REQUIREMENT: Take the line that holds "2 Emerald Hill Havelock North_6" and every line after it to the end of the entries, and repeat them exactly without the pictures.

DATA SUPPLIED:
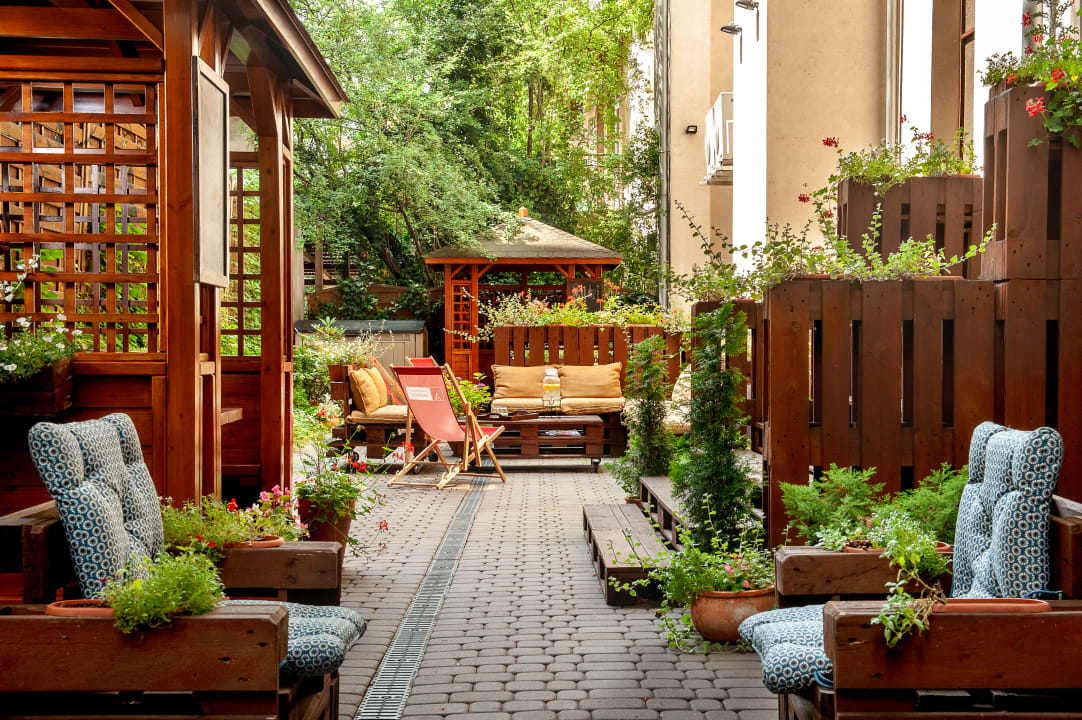 Gartenanlage Hotel Amber Design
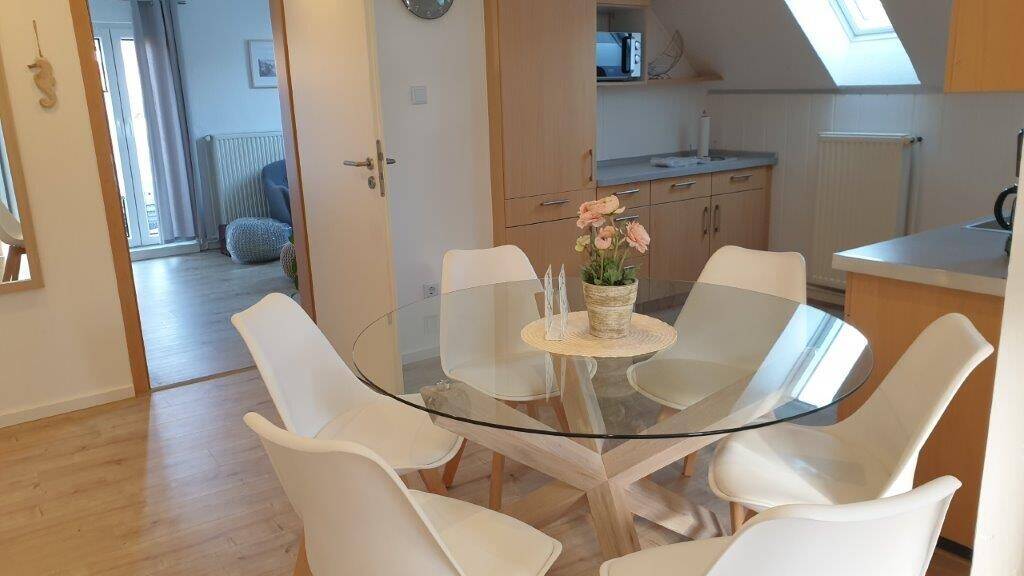 Mehrfamilienhaus, Wohnhaus Butjadingen / Burhave Burhave - 9 Zimmer, 160 m&sup2;, 639.000&euro; | Angebot:26155314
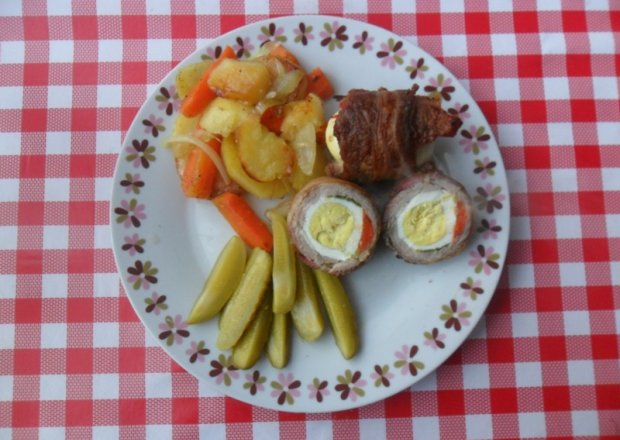 Fotografia przedstawiająca Roladki z mięsa wieprzowego z jajkiem i boczkiem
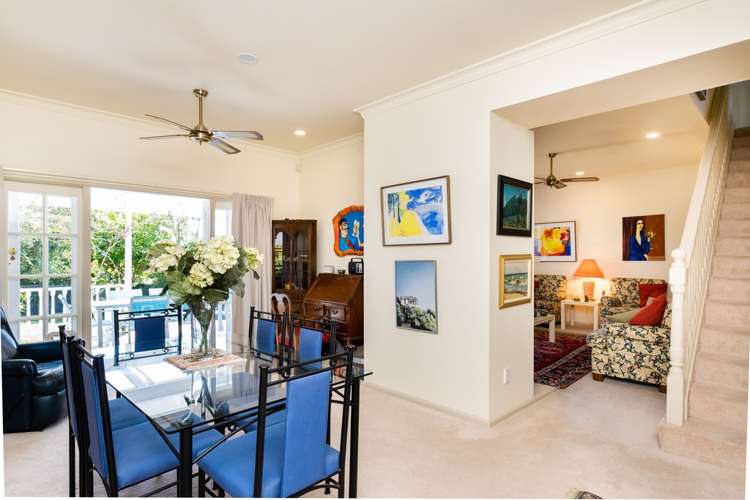 2 Emerald Hill Havelock North_6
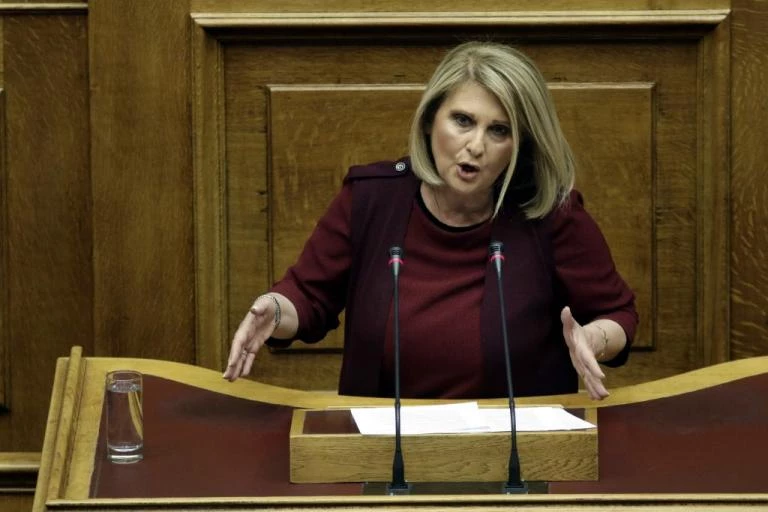 Δήλωση «βόμβα» από Βούλτεψη: Ο Τσίπρας έχει κάνει μυστική συμφωνία για το χρέος με αντάλλαγμα τη… Μακεδονία! (βίντεο)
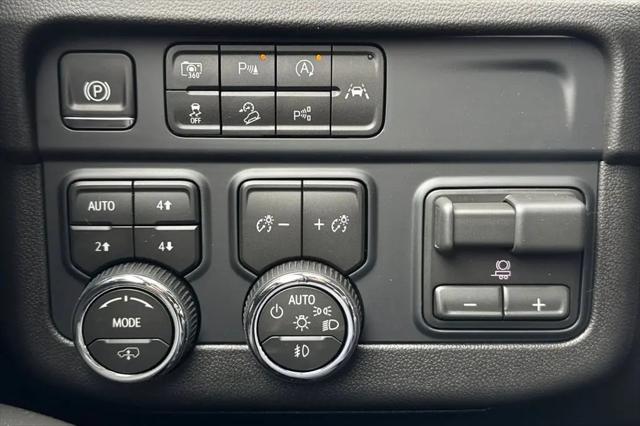 2026 Chevrolet Suburban Z71, 4WD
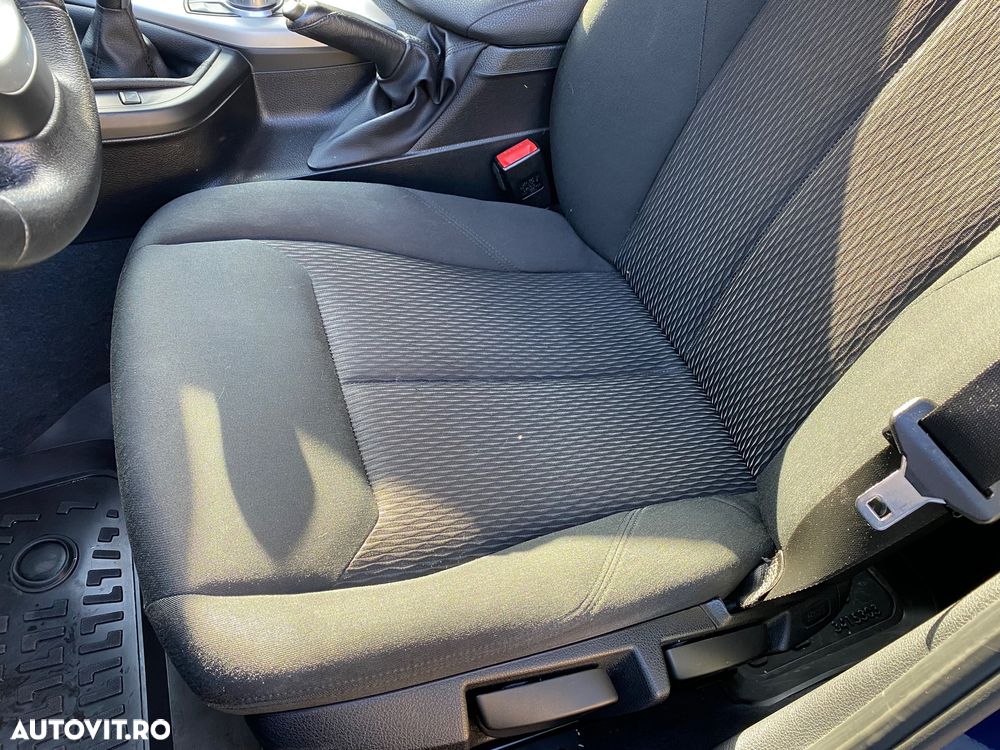 BMW Seria 1 116i - 12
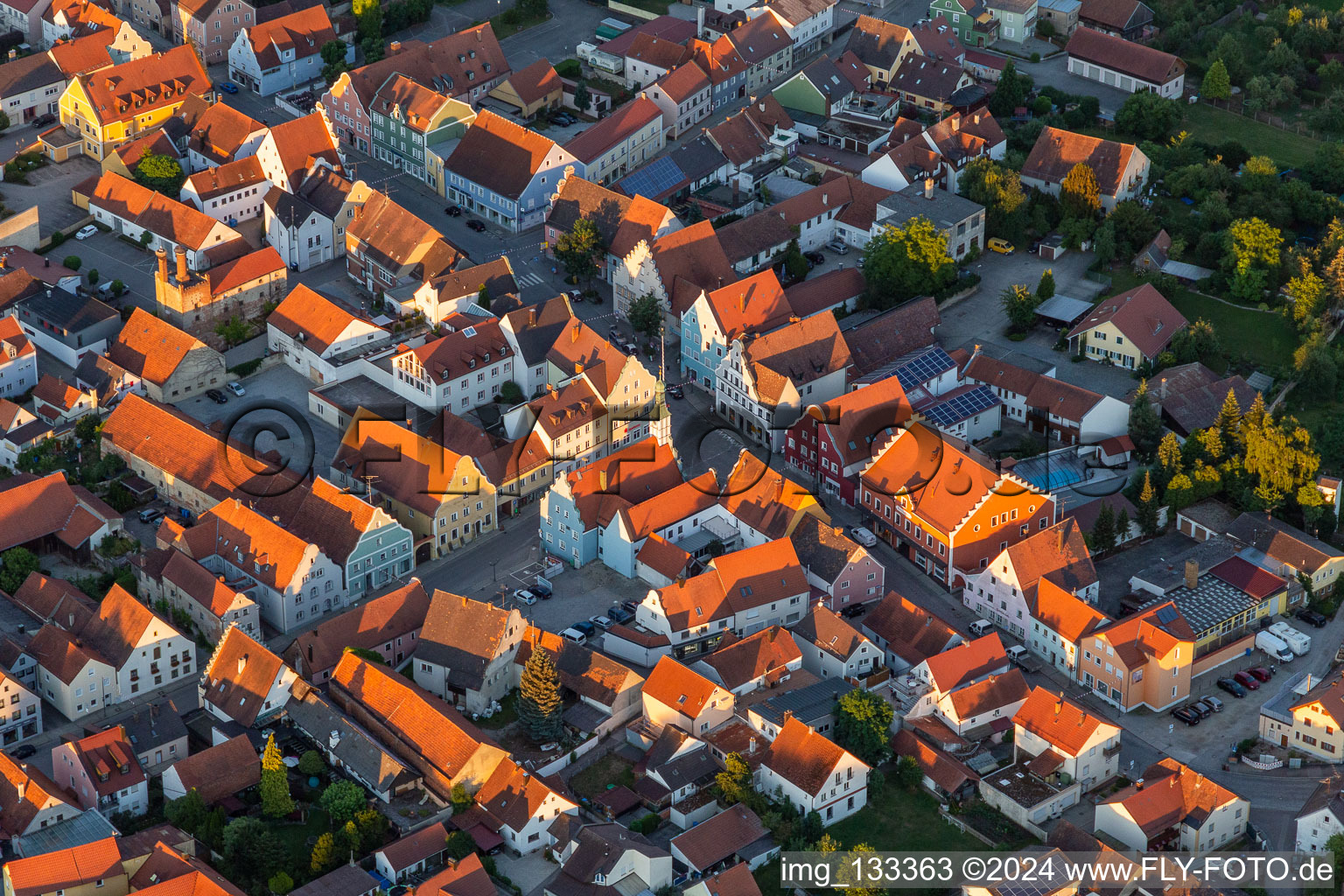 Vue aérienne de Place de la ville de la Regensburgerstrasse à Geiselhöring dans le département Bavière, Allemagne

OUTPUT FOR THIS TASK:
 2 Emerald Hill Havelock North_6
 Δήλωση «βόμβα» από Βούλτεψη: Ο Τσίπρας έχει κάνει μυστική συμφωνία για το χρέος με αντάλλαγμα τη… Μακεδονία! (βίντεο)
 2026 Chevrolet Suburban Z71, 4WD
 BMW Seria 1 116i - 12
 Vue aérienne de Place de la ville de la Regensburgerstrasse à Geiselhöring dans le département Bavière, Allemagne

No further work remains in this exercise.